00:21 Kamila Siqueira 0 Comments

06/06/2017


   O que me dói é nunca ter andado pelas ruas em que outras meninas puderam andar. É nunca ter tirado uma foto da janela de um apartamento em um prédio de 25 andares e nunca ter tomado um café no frio desgraçado de uma cidade cinzenta. Me dói porque só eu sei o quanto desejei ter feito isso e tive as asas cortadas, todas as vezes.

   Eu tive que ficar escondida embaixo da mesa, enquanto outras pessoas faziam arte em cima dela. Eu tive que engolir as minhas vontades, que eram tão simples, mas que aos olhos de outros pareciam inviáveis. Impossíveis. Não tinha como.

   Eu tive que engolir quando queria chorar, tive que disfarçar quando as feridas doíam, tive que calar quando a vontade era gritar, quando, ao mesmo tempo, tanta gente nem necessitava do grito, podiam apenas falar normalmente. Eu nunca pude.

   Me dói e ninguém nunca vai entender porquê me dói. Ninguém nunca vai saber que essa ferida foi criada de tanto não deixar ninguém saber, de tanto esforço para manter tudo por baixo dos panos, de tantas histórias que só aconteciam no silêncio da noite, protegidas pelo escuro da madrugada. De tanto não poder falar. Não poder gritar. Não poder chorar. A censura, que eu nem sei de onde nasceu de verdade, é o que sempre me matou.

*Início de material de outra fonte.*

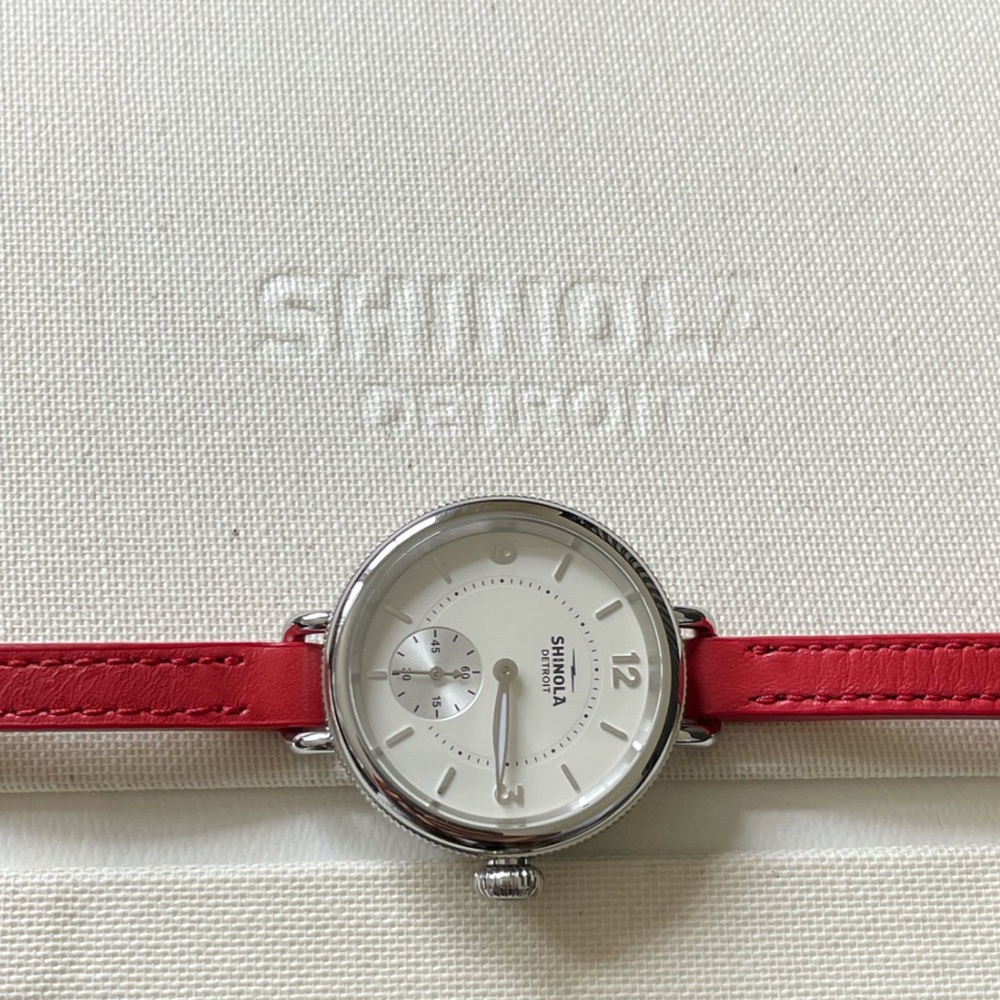 Shinola Detroit 34mm Birdy Watch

   Aquelas fotografias que não tirei, aqueles espaços por onde não andei, aquelas pessoas que não conheci, aquelas histórias que imaginei e nunca se concretizaram. E tudo o que vivi pela metade. As fotos que tirei, mas não tão bem assim. As fotos que posei, mas não com aquele olhar. Os livros que eu li, os mesmos que elas leram, mas que ninguém nunca quis saber. As metáforas que não foram escritas para mim. E nem por mim. A metáfora que escrevi em uma foto do céu, mas pela metade, porque ninguém nunca soube o que ela queria dizer. Eu meio que tentei realizar o tópico de conhecer pessoas, mas só pude apresentá-las. Eu meio que tentei andar por espaços parecidos - mas não deu na mesma. Eu meio que vi uma parte das histórias se concretizarem, mas não daquele jeito que queria, não daquela forma que devia, sempre só um pedacinho, sempre só um pouquinho, sempre só. Nunca junto. Nunca tudo.

   Foi a metade que me fez querer chegar ao fim. 
   Passou, passou, eu sei. Mas o passado ter sido vivido pela metade, sempre, sempre me doerá.